Les droits des hommes réunis en société ne sont point fondés sur leur histoire, mais sur leur nature. Il ne peut y avoir de raison de perpétuer les établissements faits sans raison. Les rois, prédécesseurs de Votre Majesté, ont prononcé, dans les circonstances où ils se sont trouvés, les lois qu’ils ont jugées convenables. Ils se sont trompés quelquefois. Ils l’ont été souvent par l’ignorance de leur siècle, et plus souvent encore ils ont été gênés dans leurs vues par des intérêts particuliers très-puissants, qu’ils ne se sont pas cru la force de vaincre, et avec lesquels ils ont mieux aimé transiger. Il n’y a rien là-dedans qui puisse vous asservir à ne pas changer les ordonnances qu’ils ont faites, ou les institutions auxquelles ils se sont prêtés, quand vous avez reconnu que ce changement est juste, utile et possible. Aucune de vos Cours les plus accoutumées aux réclamations, n’oserait contester à Votre Majesté, pour réformer les abus, un pouvoir législatif tout aussi étendu que celui des princes qui ont donné ou laissé lieu à ces abus que l’on déplore. La plus grande de toutes les puissances est une conscience pure et éclairée dans ceux à qui la Providence a remis l’autorité. C’est le désir prouvé de faire le bien de tous.

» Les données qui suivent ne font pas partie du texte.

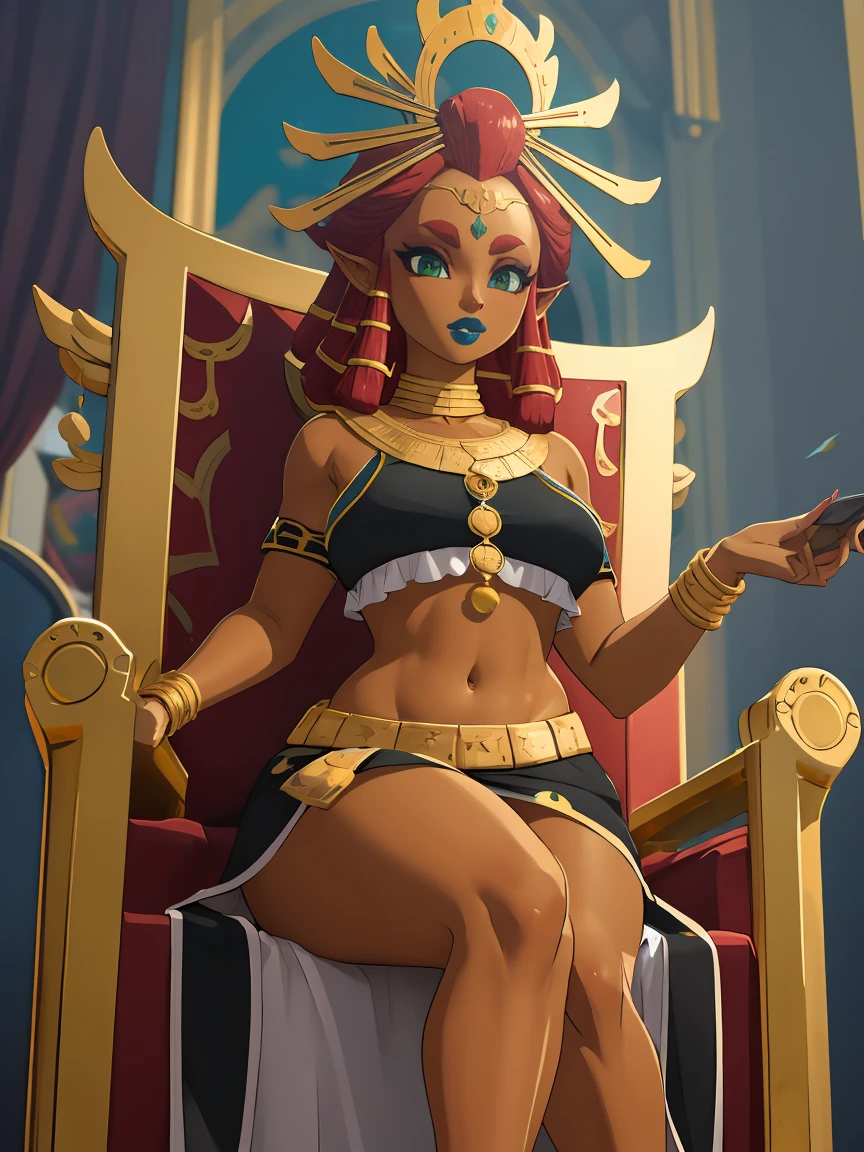 Big breasts, green eyes, dark blue lips, sitting on a throne, Riju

Votre Majesté, tant qu’elle ne s’écartera pas de la justice, peut donc se regarder comme un législateur absolu, et compter sur sa bonne nation pour l’exécution de ses ordres.

Cette nation est nombreuse ; ce n’est pas le tout qu’elle obéisse : il faut s’assurer de la pouvoir bien commander, et pour le faire sans erreur, il faudrait connaître sa situation, ses besoins, ses facultés, et même dans un assez grand détail. C’est ce qui serait plus utile que l’historique des positions passées. — Mais c’est encore ce à quoi Votre Majesté ne peut pas espérer de parvenir dans l’état actuel des choses, ce que vos ministres ne peuvent pas se promettre ni vous promettre, ce que les intendants ne peuvent guère plus, ce que les subdélégués, que ceux-ci nomment, ne peuvent même que très-imparfaitement pour la petite étendue confiée à leurs soins.